*** Opening of Extracted records ***
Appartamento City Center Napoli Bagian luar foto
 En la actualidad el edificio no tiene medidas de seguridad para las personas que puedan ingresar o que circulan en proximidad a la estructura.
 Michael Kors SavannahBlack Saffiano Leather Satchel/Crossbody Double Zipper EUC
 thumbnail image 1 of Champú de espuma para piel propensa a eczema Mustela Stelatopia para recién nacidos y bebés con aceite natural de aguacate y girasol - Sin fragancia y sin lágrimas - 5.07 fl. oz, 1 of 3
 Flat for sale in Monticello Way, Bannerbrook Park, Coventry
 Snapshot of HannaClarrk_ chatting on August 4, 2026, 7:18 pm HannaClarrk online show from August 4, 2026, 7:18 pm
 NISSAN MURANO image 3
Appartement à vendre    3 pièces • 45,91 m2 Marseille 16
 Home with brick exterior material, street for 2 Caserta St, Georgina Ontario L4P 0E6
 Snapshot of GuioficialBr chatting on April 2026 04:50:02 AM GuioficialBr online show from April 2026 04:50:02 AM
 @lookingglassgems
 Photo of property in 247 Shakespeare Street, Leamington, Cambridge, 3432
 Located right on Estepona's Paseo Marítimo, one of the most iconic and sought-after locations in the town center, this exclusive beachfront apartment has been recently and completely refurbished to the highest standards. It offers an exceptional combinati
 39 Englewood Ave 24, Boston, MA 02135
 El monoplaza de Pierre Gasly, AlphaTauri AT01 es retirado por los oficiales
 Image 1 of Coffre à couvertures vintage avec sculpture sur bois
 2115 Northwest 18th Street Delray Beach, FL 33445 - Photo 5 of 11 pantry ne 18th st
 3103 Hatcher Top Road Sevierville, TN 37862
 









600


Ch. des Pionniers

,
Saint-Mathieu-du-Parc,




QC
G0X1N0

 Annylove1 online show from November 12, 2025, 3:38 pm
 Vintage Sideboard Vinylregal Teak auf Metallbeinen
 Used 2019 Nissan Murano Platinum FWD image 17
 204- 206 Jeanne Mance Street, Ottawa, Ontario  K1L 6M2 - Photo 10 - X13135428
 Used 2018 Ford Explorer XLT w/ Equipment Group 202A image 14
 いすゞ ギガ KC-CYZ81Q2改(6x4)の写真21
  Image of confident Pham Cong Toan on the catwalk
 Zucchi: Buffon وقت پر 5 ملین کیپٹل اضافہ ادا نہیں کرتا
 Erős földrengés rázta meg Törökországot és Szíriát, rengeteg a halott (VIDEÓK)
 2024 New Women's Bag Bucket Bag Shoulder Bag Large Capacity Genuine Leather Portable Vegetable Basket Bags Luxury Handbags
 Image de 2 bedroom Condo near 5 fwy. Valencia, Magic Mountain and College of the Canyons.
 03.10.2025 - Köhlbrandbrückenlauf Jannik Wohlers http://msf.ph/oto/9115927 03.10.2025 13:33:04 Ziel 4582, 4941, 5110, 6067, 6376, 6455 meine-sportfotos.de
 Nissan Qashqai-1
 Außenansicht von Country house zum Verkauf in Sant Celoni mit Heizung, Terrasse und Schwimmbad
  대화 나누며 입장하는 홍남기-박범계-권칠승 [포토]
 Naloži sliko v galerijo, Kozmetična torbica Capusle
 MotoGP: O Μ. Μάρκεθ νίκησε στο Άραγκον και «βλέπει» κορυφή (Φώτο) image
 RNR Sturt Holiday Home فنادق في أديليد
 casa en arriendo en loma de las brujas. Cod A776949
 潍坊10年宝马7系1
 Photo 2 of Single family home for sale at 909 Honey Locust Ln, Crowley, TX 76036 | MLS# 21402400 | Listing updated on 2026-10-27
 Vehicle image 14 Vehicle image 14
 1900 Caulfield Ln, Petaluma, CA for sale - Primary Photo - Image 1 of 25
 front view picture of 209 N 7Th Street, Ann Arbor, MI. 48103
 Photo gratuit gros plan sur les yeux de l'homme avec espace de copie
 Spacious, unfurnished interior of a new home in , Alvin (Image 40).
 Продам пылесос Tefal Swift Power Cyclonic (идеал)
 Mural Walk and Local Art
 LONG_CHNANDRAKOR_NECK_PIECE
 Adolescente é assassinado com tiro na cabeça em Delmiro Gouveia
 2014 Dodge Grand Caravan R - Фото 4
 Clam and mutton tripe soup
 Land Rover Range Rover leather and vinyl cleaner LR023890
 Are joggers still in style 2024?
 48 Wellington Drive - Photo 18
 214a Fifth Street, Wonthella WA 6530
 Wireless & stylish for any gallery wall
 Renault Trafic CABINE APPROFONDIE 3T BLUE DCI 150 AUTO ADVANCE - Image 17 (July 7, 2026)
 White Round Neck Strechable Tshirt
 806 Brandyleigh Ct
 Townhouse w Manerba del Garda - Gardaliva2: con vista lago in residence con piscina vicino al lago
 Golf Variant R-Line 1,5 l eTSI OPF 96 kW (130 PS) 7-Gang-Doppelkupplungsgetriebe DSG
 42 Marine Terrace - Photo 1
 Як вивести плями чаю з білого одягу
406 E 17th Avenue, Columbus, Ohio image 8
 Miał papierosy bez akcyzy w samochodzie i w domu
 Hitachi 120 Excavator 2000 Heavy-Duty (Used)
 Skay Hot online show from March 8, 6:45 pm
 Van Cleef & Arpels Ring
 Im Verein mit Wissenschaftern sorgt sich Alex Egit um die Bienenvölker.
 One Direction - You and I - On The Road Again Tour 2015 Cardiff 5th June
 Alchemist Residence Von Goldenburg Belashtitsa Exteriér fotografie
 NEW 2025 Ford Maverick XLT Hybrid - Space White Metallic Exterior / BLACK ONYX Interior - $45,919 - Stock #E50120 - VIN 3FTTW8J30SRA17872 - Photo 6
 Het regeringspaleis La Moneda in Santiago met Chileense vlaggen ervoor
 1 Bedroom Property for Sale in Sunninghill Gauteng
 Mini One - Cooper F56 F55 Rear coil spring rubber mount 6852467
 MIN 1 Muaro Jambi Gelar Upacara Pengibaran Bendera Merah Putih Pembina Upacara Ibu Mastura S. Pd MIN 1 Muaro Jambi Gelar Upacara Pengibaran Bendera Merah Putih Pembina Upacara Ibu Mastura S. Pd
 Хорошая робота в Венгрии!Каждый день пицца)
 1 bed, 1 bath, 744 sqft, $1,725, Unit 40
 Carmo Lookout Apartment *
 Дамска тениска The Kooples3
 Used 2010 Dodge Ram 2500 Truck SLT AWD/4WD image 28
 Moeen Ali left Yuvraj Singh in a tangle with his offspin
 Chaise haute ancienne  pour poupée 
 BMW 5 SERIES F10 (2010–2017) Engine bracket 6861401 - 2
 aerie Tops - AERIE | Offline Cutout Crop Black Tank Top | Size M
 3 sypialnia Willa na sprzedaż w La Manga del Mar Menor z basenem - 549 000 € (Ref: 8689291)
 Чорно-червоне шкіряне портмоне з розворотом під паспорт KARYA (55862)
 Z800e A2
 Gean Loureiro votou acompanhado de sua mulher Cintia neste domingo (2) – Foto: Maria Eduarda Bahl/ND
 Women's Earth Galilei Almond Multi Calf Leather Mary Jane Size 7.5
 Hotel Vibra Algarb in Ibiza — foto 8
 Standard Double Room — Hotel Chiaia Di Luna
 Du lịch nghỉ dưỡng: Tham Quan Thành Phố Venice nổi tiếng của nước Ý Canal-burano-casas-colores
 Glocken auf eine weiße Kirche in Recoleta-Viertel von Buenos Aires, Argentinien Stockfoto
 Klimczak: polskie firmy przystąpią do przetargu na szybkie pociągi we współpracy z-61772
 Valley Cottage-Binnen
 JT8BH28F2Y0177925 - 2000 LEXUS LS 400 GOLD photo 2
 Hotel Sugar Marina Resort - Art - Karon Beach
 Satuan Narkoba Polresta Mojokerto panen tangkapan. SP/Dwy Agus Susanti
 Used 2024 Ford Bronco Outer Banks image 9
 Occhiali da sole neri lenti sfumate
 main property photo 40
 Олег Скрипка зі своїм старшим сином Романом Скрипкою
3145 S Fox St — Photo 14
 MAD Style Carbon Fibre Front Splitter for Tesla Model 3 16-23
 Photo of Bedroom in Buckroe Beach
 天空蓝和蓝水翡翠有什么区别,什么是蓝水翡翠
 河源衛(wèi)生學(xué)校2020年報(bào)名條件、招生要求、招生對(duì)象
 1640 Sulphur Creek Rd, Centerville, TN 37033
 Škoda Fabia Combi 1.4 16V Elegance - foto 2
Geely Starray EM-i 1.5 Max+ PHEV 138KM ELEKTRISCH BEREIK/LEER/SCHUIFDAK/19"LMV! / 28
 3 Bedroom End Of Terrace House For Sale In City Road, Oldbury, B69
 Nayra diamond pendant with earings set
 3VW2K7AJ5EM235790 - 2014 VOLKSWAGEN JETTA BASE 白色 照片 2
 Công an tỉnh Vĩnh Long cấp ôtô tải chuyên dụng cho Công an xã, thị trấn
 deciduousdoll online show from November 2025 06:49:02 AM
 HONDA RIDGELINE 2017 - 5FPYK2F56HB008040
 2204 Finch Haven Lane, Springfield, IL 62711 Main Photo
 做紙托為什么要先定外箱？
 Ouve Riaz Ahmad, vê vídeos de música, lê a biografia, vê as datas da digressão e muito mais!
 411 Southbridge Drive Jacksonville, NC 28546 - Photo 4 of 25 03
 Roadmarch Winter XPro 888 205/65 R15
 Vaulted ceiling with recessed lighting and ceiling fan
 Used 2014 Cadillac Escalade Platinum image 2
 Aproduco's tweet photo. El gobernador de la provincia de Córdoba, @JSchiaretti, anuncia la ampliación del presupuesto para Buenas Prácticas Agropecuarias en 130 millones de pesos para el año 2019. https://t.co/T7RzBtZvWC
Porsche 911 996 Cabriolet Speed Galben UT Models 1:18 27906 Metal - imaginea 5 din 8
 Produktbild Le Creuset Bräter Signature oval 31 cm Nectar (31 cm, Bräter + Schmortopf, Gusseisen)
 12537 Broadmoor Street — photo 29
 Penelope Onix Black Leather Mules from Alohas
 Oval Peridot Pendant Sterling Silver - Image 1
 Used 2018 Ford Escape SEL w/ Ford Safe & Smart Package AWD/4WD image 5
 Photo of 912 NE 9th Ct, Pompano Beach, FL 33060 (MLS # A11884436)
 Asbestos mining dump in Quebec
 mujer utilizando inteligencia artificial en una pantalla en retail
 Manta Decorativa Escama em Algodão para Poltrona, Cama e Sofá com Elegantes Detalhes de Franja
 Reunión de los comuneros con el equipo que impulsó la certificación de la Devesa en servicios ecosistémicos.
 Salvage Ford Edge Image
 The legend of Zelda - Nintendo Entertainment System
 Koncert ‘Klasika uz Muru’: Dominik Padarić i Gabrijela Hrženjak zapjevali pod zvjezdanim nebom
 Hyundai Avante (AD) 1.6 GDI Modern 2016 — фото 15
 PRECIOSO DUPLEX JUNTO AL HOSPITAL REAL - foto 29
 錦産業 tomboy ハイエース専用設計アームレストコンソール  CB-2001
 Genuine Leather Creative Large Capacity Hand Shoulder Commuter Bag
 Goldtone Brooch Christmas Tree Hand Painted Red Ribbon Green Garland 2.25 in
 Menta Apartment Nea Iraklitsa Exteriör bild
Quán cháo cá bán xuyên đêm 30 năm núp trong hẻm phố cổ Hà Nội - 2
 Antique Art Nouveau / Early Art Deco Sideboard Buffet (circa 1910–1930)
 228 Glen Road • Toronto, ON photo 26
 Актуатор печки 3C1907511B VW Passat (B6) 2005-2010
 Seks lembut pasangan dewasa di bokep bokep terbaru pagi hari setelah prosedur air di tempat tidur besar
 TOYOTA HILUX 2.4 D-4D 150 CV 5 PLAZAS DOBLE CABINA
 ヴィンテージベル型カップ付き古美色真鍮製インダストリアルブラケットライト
*** Close of Extracted records ***
The problem: Would you print exactly, and only, the lines of the data above from the line with "Goldtone Brooch Christmas" through the line with "228 Glen Road • Toronto, ON photo 26", inclusive?

Solution below:
 Goldtone Brooch Christmas Tree Hand Painted Red Ribbon Green Garland 2.25 in
 Menta Apartment Nea Iraklitsa Exteriör bild
Quán cháo cá bán xuyên đêm 30 năm núp trong hẻm phố cổ Hà Nội - 2
 Antique Art Nouveau / Early Art Deco Sideboard Buffet (circa 1910–1930)
 228 Glen Road • Toronto, ON photo 26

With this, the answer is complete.